**What you need to do:**
Restate word for word the lines below, from the one containing "show on it." through the final line, with no pictures included.

**Data below:**

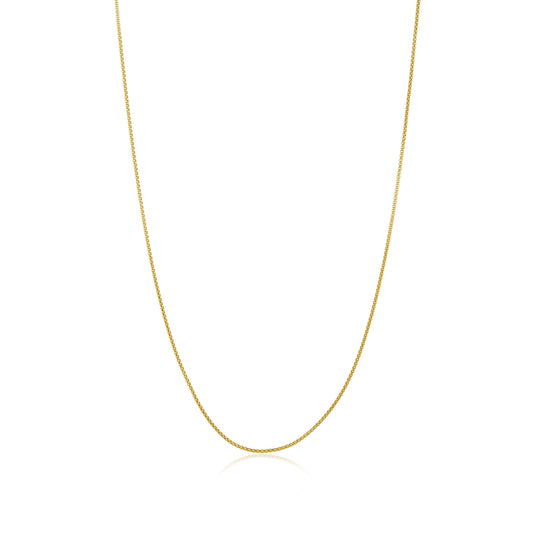 1.3mm 24k Yellow Gold Plated Stainless Steel Square Box Chain Necklace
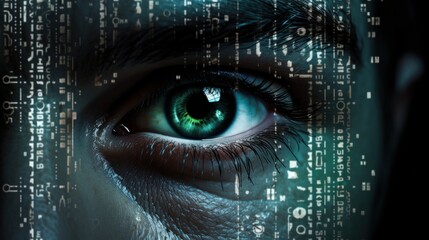 technology, computer, cyber, hacker, futuristic, network, code, coding, security, artificial intelligence. close up to a woman eyes, and around of eyeblow has electric circuit, motherboard show on it.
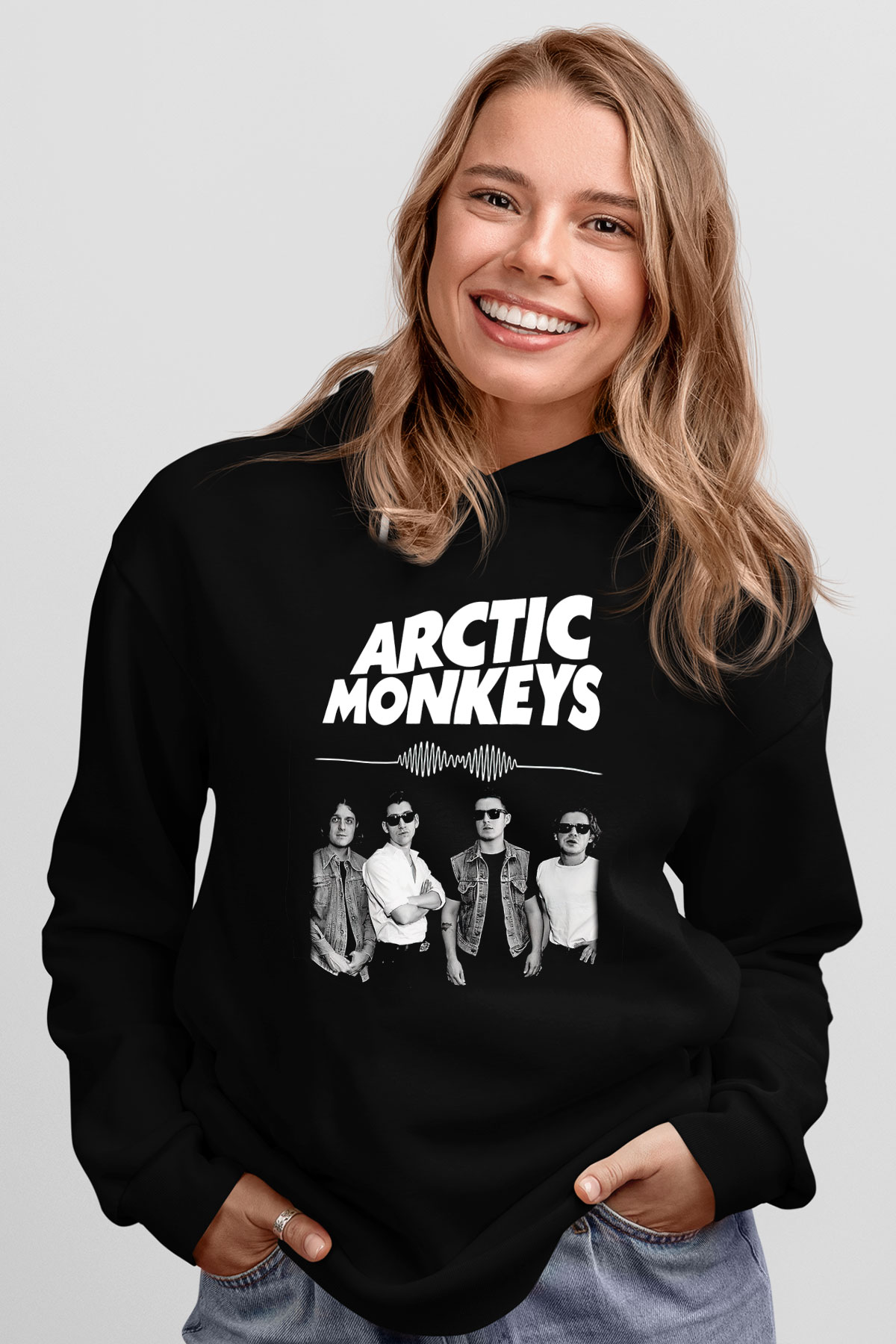 Arctic Monkeys Siyah Unisex Kapüşonlu Sweatshirt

**Your response:**
 technology, computer, cyber, hacker, futuristic, network, code, coding, security, artificial intelligence. close up to a woman eyes, and around of eyeblow has electric circuit, motherboard show on it.
 Arctic Monkeys Siyah Unisex Kapüşonlu Sweatshirt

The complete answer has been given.